In geometry, a Schläfli orthoscheme is a type of simplex. They are defined by a sequence of edges ${\displaystyle (v_{0}v_{1}),(v_{1}v_{2}),\dots ,(v_{d-1}v_{d})\,}$ that are mutually orthogonal. These were introduced by Ludwig Schläfli, who called them orthoschemes and studied their volume in the Euclidean, Lobachevsky and the spherical geometry. H. S. M. Coxeter later named them after Schläfli. Schoute studied the theory of orthoschemes which he called polygonometry.[1] J.-P. Sydler and Børge Jessen studied them extensively in connection with Hilbert's third problem.

Orthoschemes, also called path-simplices in the applied mathematics literature, are a special case of a more general class of simplices studied by Fiedler,[2] and later rediscovered by Coxeter.[3] These simplices are the convex hulls of trees in which all edges are mutually perpendicular.
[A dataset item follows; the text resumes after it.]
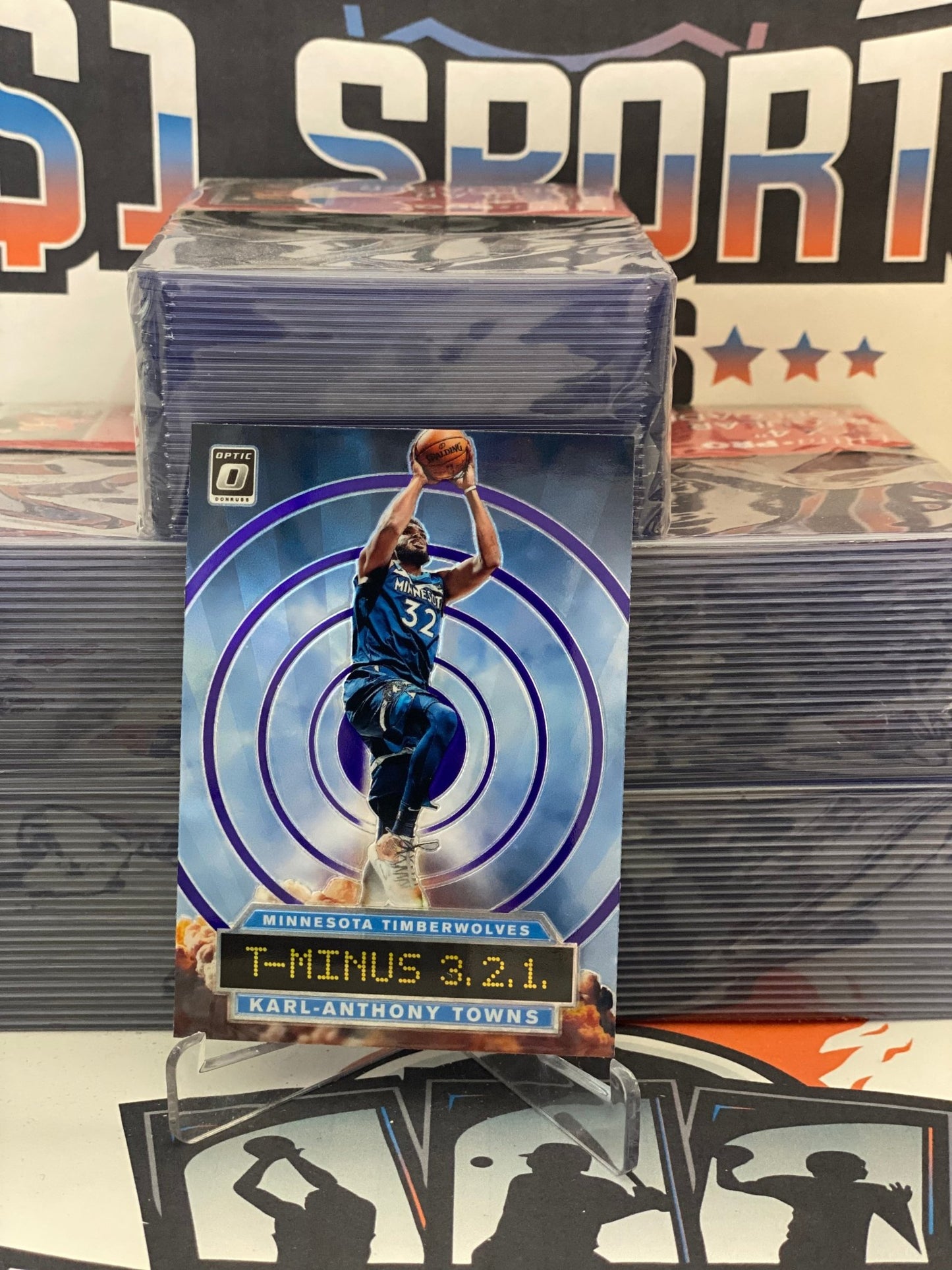 2019 Donruss Optic (Purple Prizm, T-Minus 1, 2, 3) Karl-Anthony Towns #10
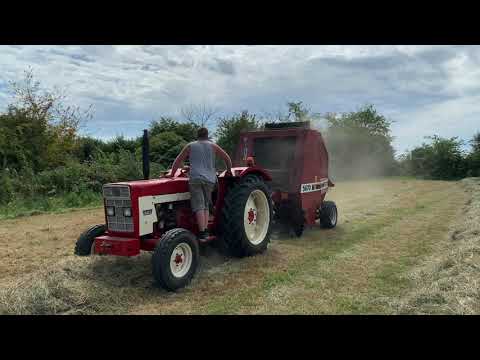 IHC 553 & Presse FIATAGRI HESSTON 5670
In an orthoscheme, the underlying tree is a path.

In three dimensions, an orthoscheme is also called a birectangular tetrahedron (because its path makes two right angles at vertices each having two right angles) or a quadrirectangular tetrahedron (because it contains four right angles).[4]

Properties

A cube dissected into six orthoschemes.
• All 2-faces are right triangles.
• All facets of a d-dimensional orthoscheme are (d − 1)-dimensional orthoschemes.
• The midpoint of the longest edge is the center of the circumscribed sphere.
• The case when ${\displaystyle |v_{0}v_{1}|=|v_{1}v_{2}|=\cdots =|v_{d-1}v_{d}|}$ is a generalized Hill tetrahedron.
• In 3- and 4-dimensional Euclidean space, every convex polytope is scissor congruent to an orthoscheme.
• Every hypercube in d-dimensional space can be dissected into d! congruent orthoschemes. A similar dissection into the same number of orthoschemes applies more generally to every hyperrectangle but in this case the orthoschemes may not be congruent.
• Every orthoscheme can be trisected into three smaller orthoschemes.[1]
• In 3-dimensional hyperbolic and spherical spaces, the volume of orthoschemes can be expressed in terms of the Lobachevsky function, or in terms of dilogarithms.[5]
• The ${\displaystyle d}$ dihedral angles that are disjoint from edges of the path have acute angles; the remaining ${\displaystyle {\tbinom {d}{2}}}$ dihedral angles are all right angles.[3]

Dissection into orthoschemes

Hugo Hadwiger conjectured in 1956 that every simplex can be dissected into finitely many orthoschemes.[6] The conjecture has been proven in spaces of five or fewer dimensions,[7] but remains unsolved in higher dimensions.[8]

Hadwiger's conjecture implies that every convex polytope can be dissected into orthoschemes. Coxeter identifies various orthoschemes as the characteristic simplexes of the polytopes they generate by reflections.[9]